Even so, these neo-Luddites obsess about air power and wield their keyboards to fire op-eds, journal articles and letters to the editor in a frantic effort to turn back the scientific revolution in favor of their beloved ground formations. They gasp their attacks on talk shows and symposiums at every opportunity. Unexplained is the fact that, despite the awesome personal valor and energy of the troops, U.S. land forces have yet to begin to dominate their domain the way American air power does its domain. Air power is not only America’s most flexible military capability, it is also the best hope to present a truly show-stopping impediment to the nefarious schemes of her enemies.

The BOTGZ want to believe that human nature will change, that peer competitors will not arise and that the rest of the world will not attempt to challenge U.S. air power with inventions of their own. Thus, they believe that American air power can be allowed to atrophy toward obsolescence in favor of, you guessed it, more boots on the ground. Unfortunately, there is every indication that, regardless of whatever changes the land forces may make, they will be of little strategic import in the next war — the one we ought to be thinking about and planning for now.

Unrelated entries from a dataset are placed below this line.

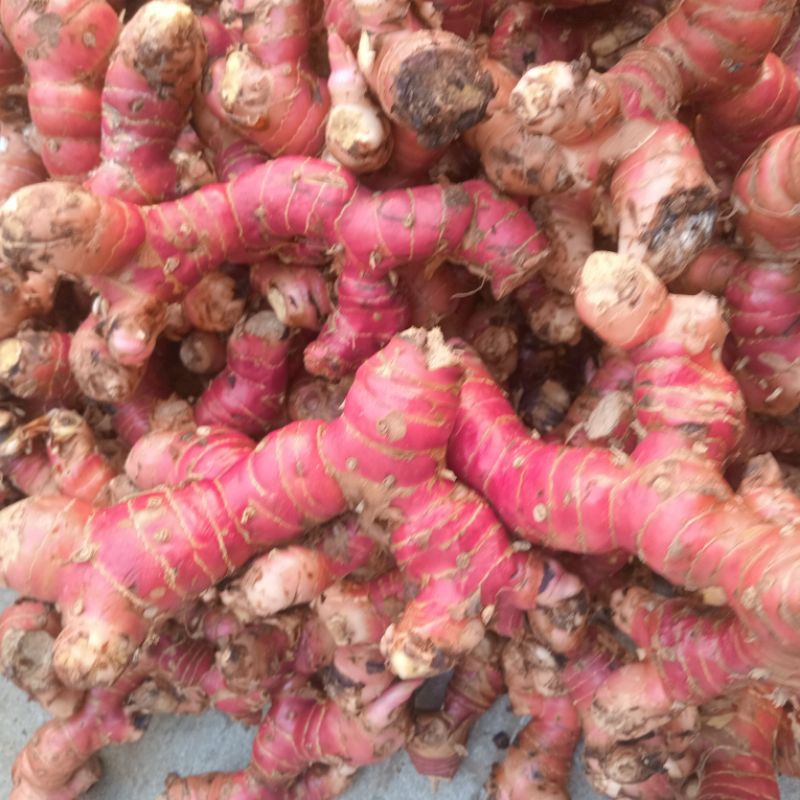 củ giềng đỏ 1kg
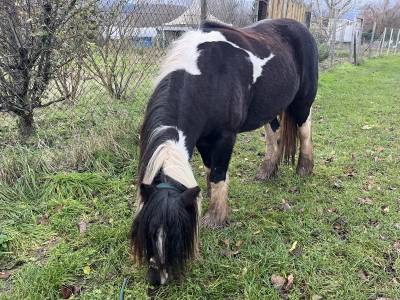 Gypsy cob - pouliche 2,5 ans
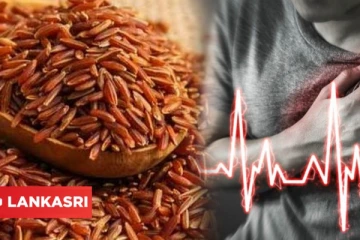 சிவப்பு கவுனி அரிசியைப் பற்றி கேள்விப்பட்டதுண்டா? பல ஆரோக்கிய நன்மைகள் உள்ளதாம்!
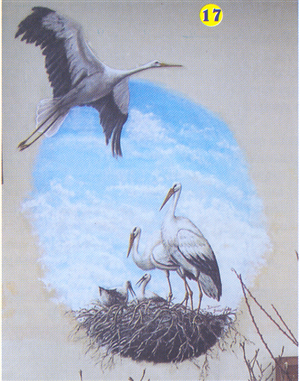 I murales naturalistici di Crava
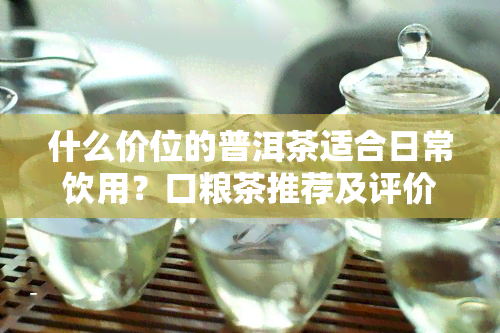 什么价位的普洱茶适合日常饮用？口粮茶推荐及评价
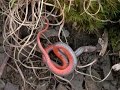 Fall Flipping for Snakes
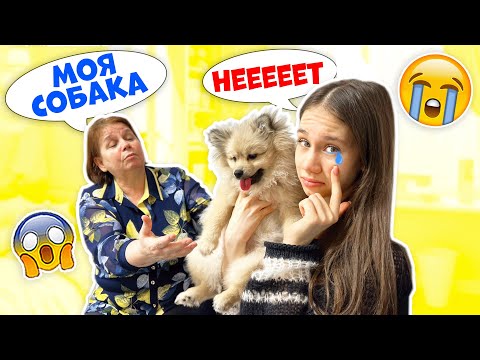 Видео: ПРОЩАЕМСЯ с Щенком👉 Отдаём БАБУШКЕ?? 😱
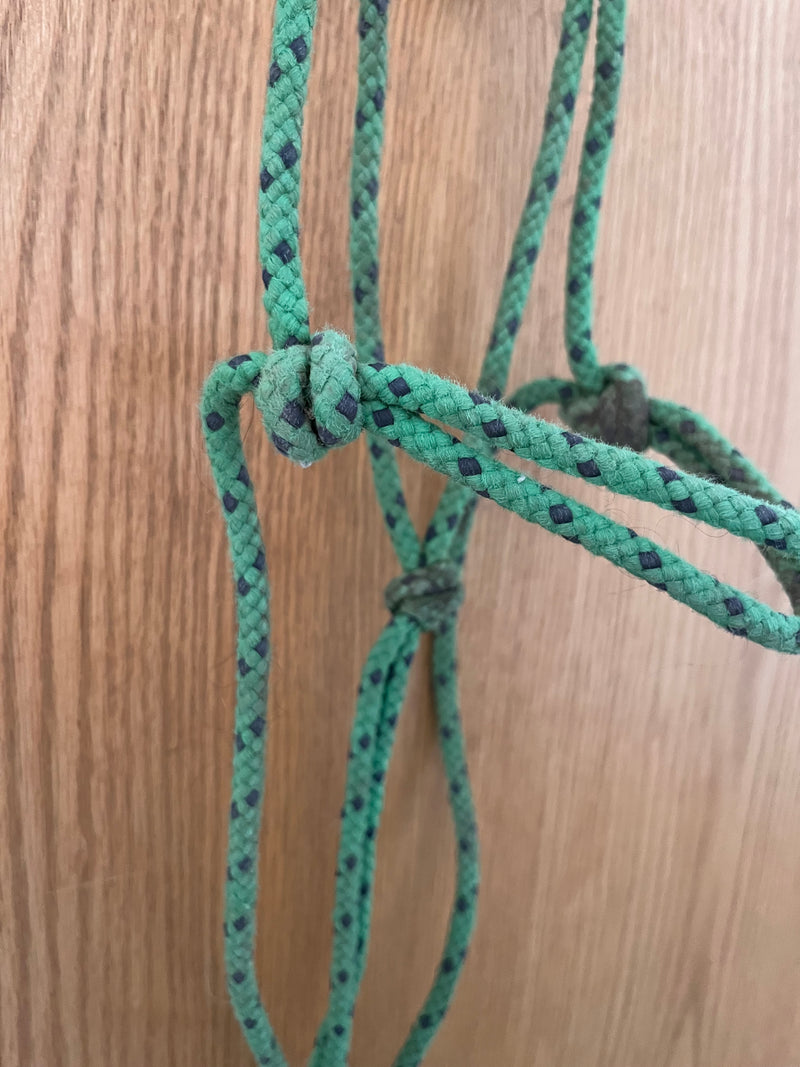 Load image into Gallery viewer, Used Rope Halter - Green/Purple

Of course, we will always need land forces (although it is becoming more difficult to see why we need both an Army and a Marine Corps). Among other things, land forces can provide vital targeting information and also corral enemy forces into killing fields vulnerable to the air weapon. Ground forces employed in support of air campaigns can produce many synergies eminently in the interest of the nation. And, yes, the country also needs a large National Guard ground force for domestic emergencies and as a strategic reserve. To be clear, it is beyond question that America will always need a powerful ground component.

The point is how much of our air power — our most effective national security component — do we want to sacrifice to maintain large active-duty formations of ground forces useful only in selected contexts? Does anyone truly believe America will do a nation-building “Iraq” again anytime soon? Are we likely, with the benefit of our experience in Vietnam and now Iraq, to attempt yet another hearts-and-minds campaign the BOTGZ seem to desire? Or is the more likely scenario one in which the need is to destroy an adversary’s capacity to project power that damages U.S. interests? If so, air strikes to demolish enemy capabilities, complemented by short-term, air-assisted raids and high-tech Air Force surveillance platforms, are the answer, not colossal boots-on-the-ground efforts.

No one debates the classic romanticism of the land warrior. Cavalry formations were also splendid formations in their day, and provided real combat power. Yet things do change, and the technology and capability of the air weapon has changed dramatically. That said, it is, of course, true that military force is often (but not always) most effective when conducted in a joint and interdependent way. When war does happen, it is especially important for U.S. land forces to have confidence in the skies above them, as it has been more than half a century since any soldier or Marine suffered an enemy air attack.

In the sober analysis of the zero-sum calculus of national security decision-making, the weight of the effort must go to America’s asymmetrical advantage, that component of the national security establishment that has the most flexibility, effectiveness and deterrence value — as well as cultural compatibility. It’s about putting our resources into the odds-on favorite, the component that best fits the needs of America’s democracy in the 21st century. The stakes are enormous, and the risks to our air power advantage are very, very grave.

Maj. Gen. Charles J. Dunlap Jr. is the deputy judge advocate general of the Air Force. He has more than 30 years’ service and is a distinguished graduate of the National War College. He has served in Korea and has deployed for numerous operations in the Middle East and Africa. The views expressed in this article are his own and are not necessarily those of the Air Force or U.S. government.